Now we can plot our data points. The first number in our pair is the *x*-coordinate. It is the horizontal distance away from the y-axis, and hence the origin as well. We move to the right for positive values of *x* and to the left of the origin for negative values of *x*.

The second number in our pair is the *y*-coordinate. It is the vertical distance away from the x-axis. Starting at the original point on the *x*-axis, move up for positive values of *y* and down for negative values of *y*.

The location on our graph is then marked with a dot. We repeat this process over and over for each point in our data set. The result is a scattering of points, which gives the scatterplot its name.

## Explanatory and Response

One important instruction that remains is to be careful which variable is on which axis. If our paired data consists of an explanatory and response pairing, then the explanatory variable is indicated on the x-axis. If both variables are considered to be explanatory, then we may choose which one is to be plotted on the x-axis and which one on the *y*-axis.

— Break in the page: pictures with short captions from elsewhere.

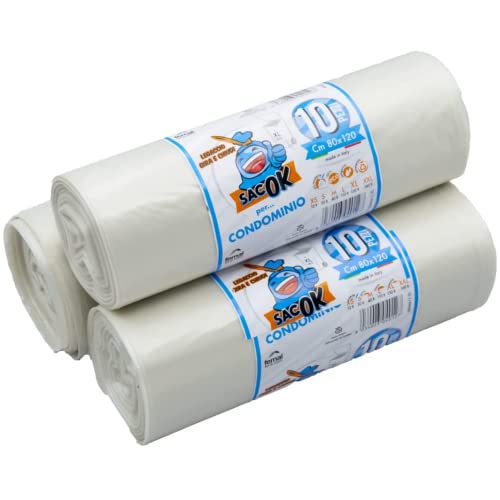 30 sacchi spazzatura trasparenti, sacchi immondizia raccolta differenziata, sacchi trasparenti grandi resistenti, sacchi spazzatura, sacchi trasparenti, sacchi rifiuti per pattumiera 120 L (30 sacchi) 30 sacchi spazzatura trasparenti, sacchi immondizia raccolta differenziata, sacchi trasparenti grandi resistenti, sacchi spazzatura, sacchi trasparenti, sacchi rifiuti per pattumiera 120 L (30 sacchi) von EFFENNE group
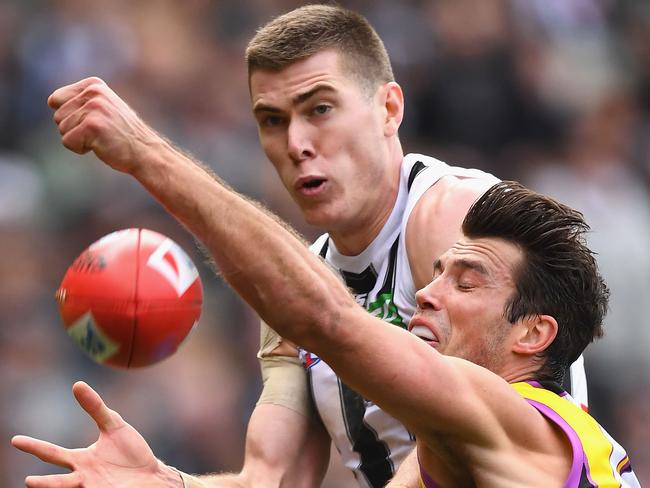 Are defenders getting away with too much when dealing with Mason Cox? Picture: Getty Images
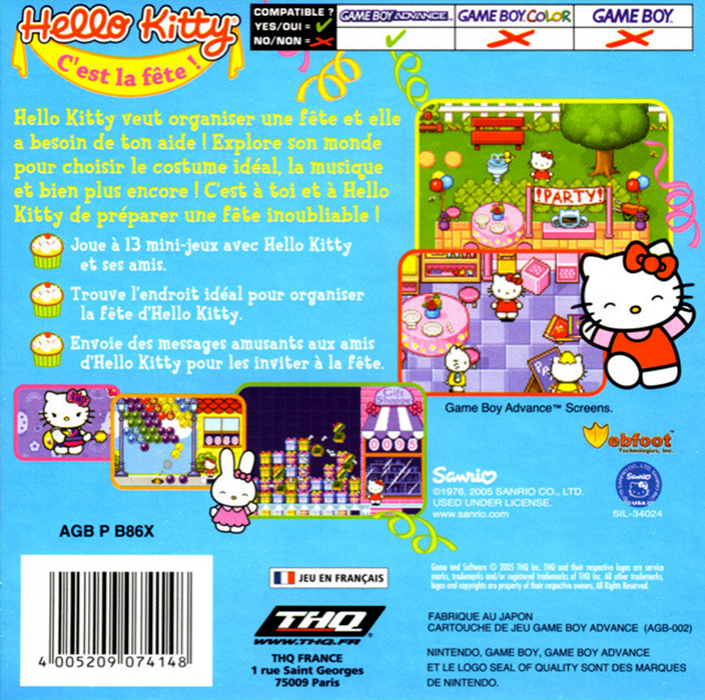 Hello Kitty - Happy Party Pals — box-2D-back (EU)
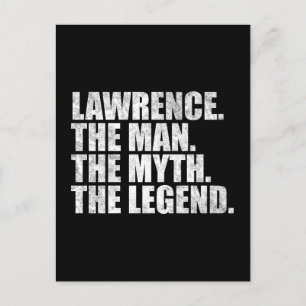 Lawrence naam,Lawrence De Man De Mythe De Legende Briefkaart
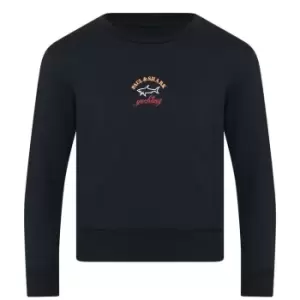 Image of Paul And Shark Crew Sweater Junior Boys - Black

## Features of a Scatterplot

There are several important features of a scatterplot. By identifying these traits we can uncover more information about our data set. These features include:

- The overall trend among our variables. As we read from left to right, what is the big picture? An upward pattern, downward or cyclical?
- Any outliers from the overall trend. Are these outliers from the rest of our data, or are they influential points?
- The shape of any trend. Is this linear, exponential, logarithmic or something else?
- The strength of any trend. How closely do the data fit the overall pattern that we identified?

## Related Topics

Scatterplots that exhibit a linear trend can be analyzed with the statistical techniques of linear regression and correlation. Regression can be performed for other types of trends that are nonlinear.